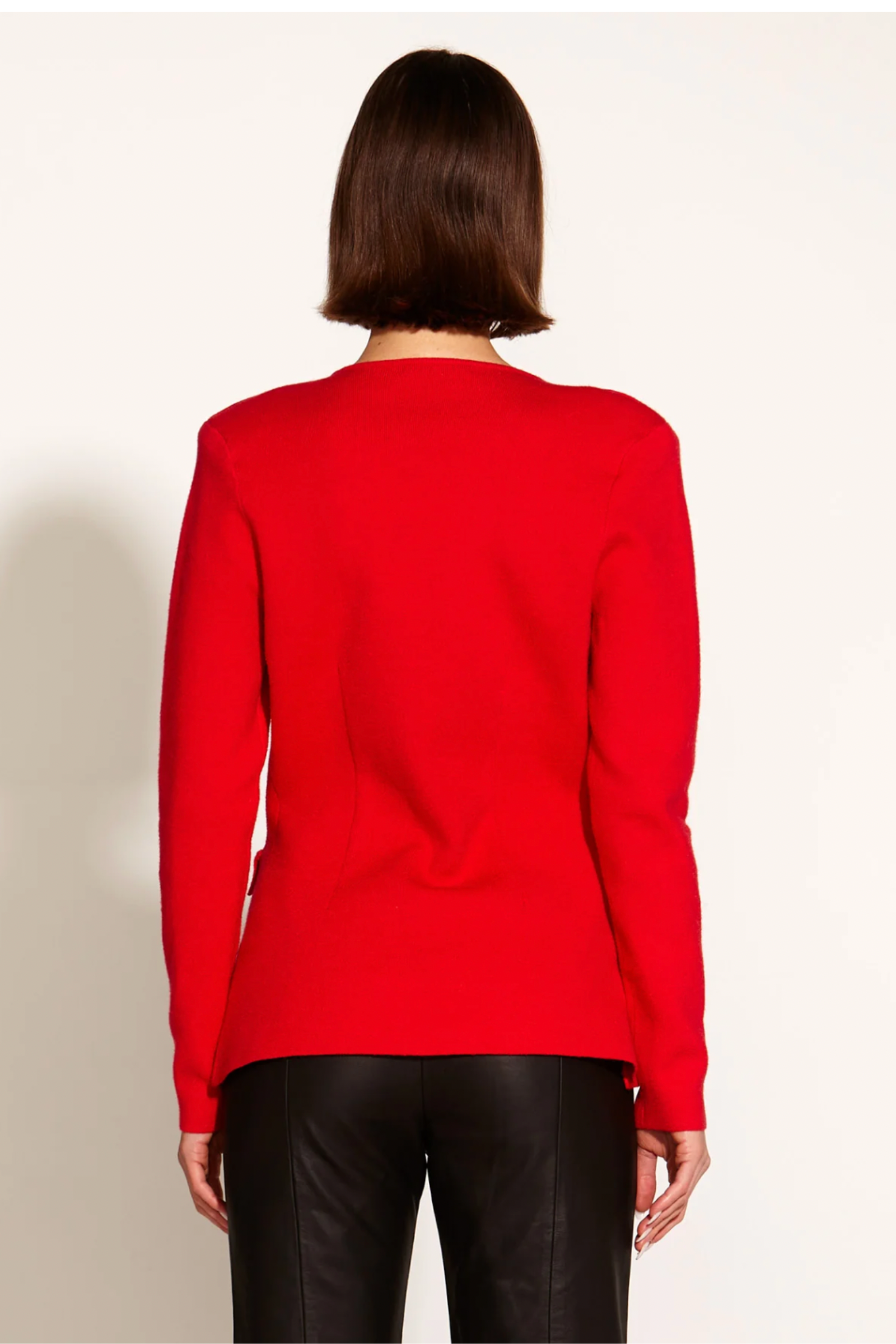 Fate+Becker Beverly Shoulder Pad Knit Blazer Red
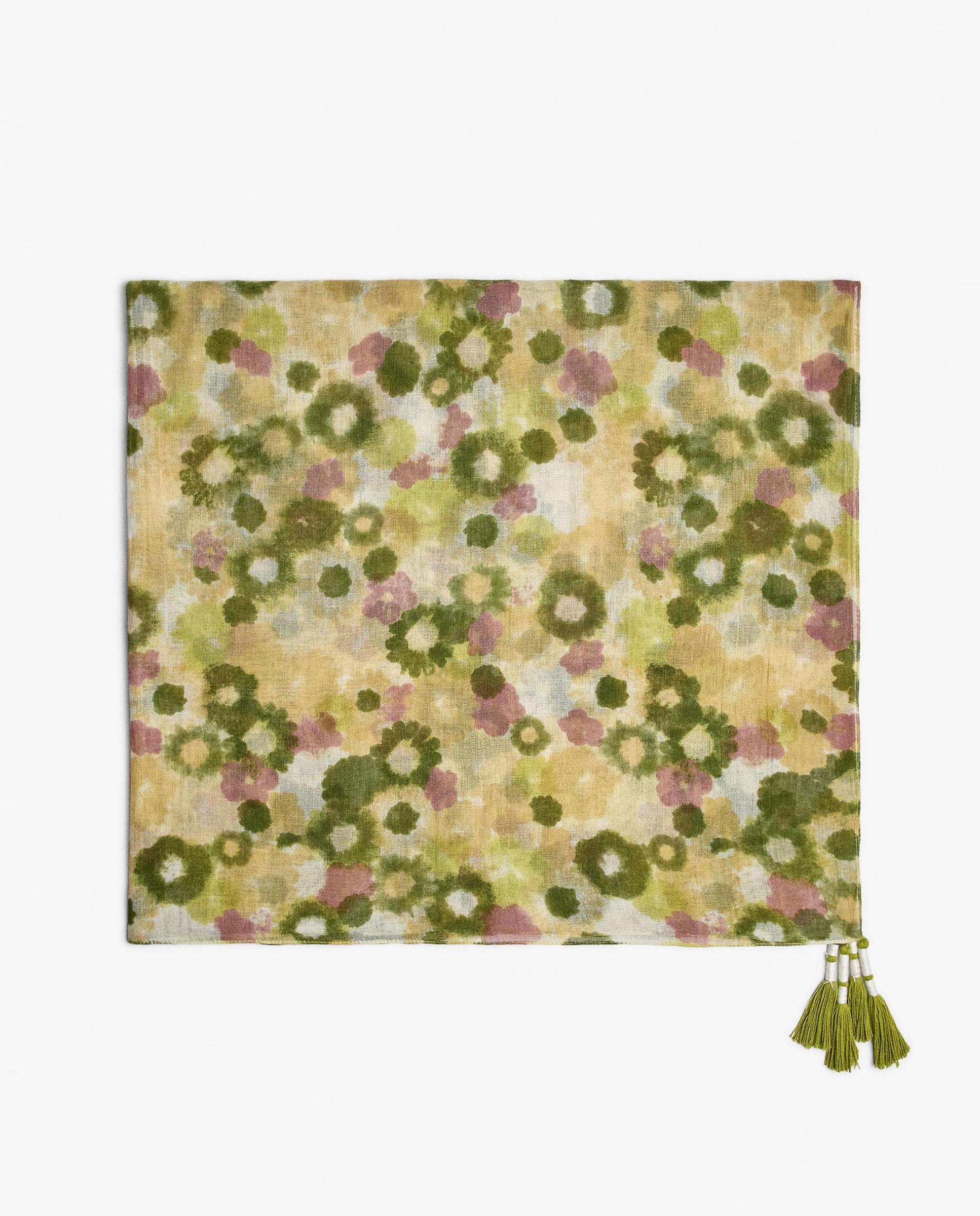 Pañuelo 100% algodón con estampado floral - Parfois - Verde Verde-1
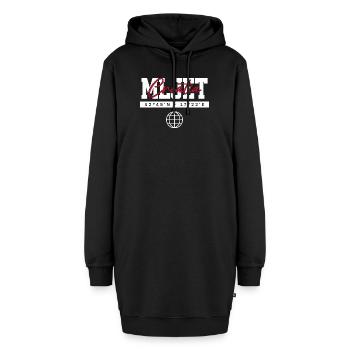 Mljet Kroatien Koordinaten Reise Souvenir - Hoodie-Kleid - Schwarz - Vorne - AI Model Female 172 light (172cm)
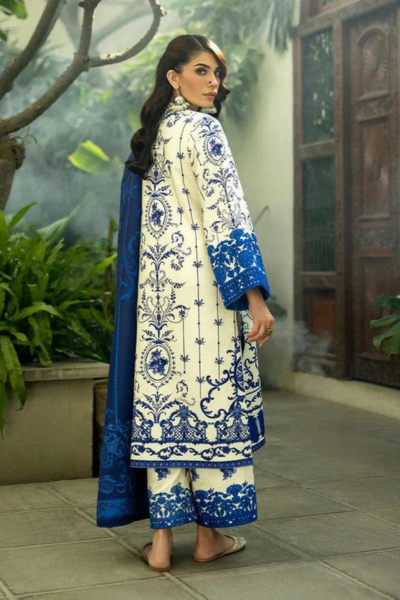 HR-ZC424 Unstitched 3 Pcs Digital Printed Lawn Suit With Printed Lawn Dupatta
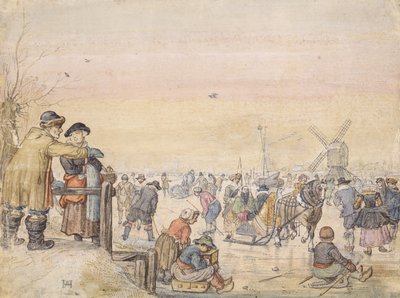 Godendo il Ghiaccio, 1630 da Hendrick Avercamp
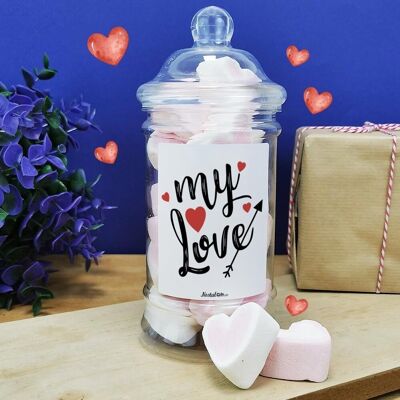 Scatola di caramelle con cuori di marshmallow "My Love" - ​​regalo di San Valentino
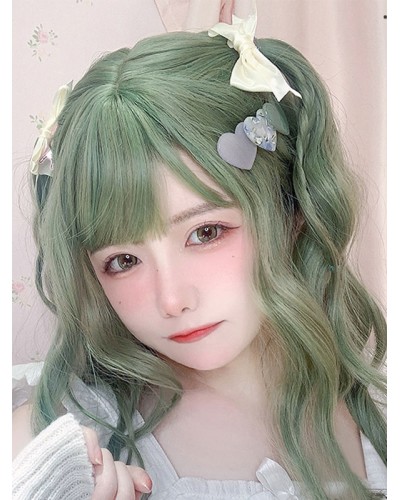 Lolita Wig Green Medium Heat-resistant Fiber Lolita Accessories Sweet Harajuku Fashion ROCOCO Daily Casual Tea Party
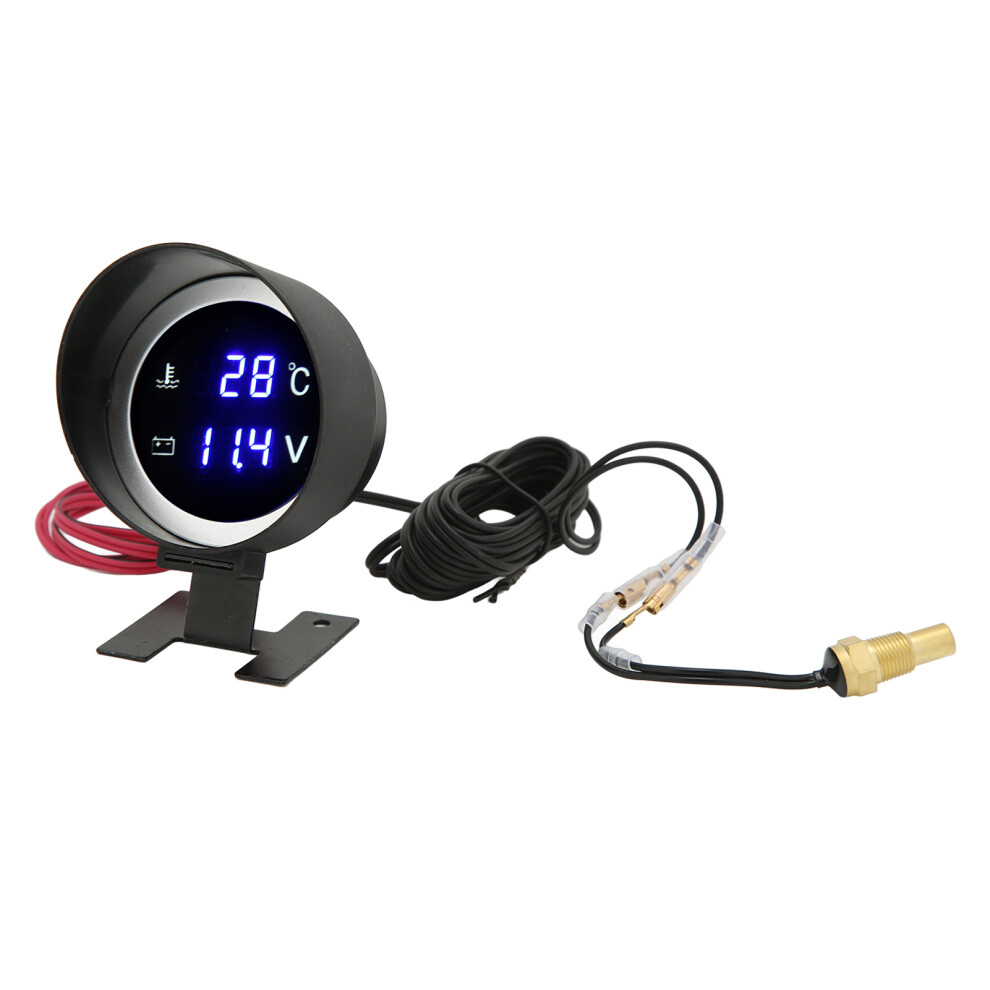Digital Water Temp Gauge Volt Meter Dc 9V-36V For Car Motorcycle Atv Blue/Light 7901375828783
★ ★ ★ ★
> _PROMPT_
The expected output is the lines from the line that contains "Lolita Wig Green" through the last line of the material, reproduced exactly, with both ends present and pictures absent.

> _ANSWER FOR THE TASK_
 Lolita Wig Green Medium Heat-resistant Fiber Lolita Accessories Sweet Harajuku Fashion ROCOCO Daily Casual Tea Party
Digital Water Temp Gauge Volt Meter Dc 9V-36V For Car Motorcycle Atv Blue/Light 7901375828783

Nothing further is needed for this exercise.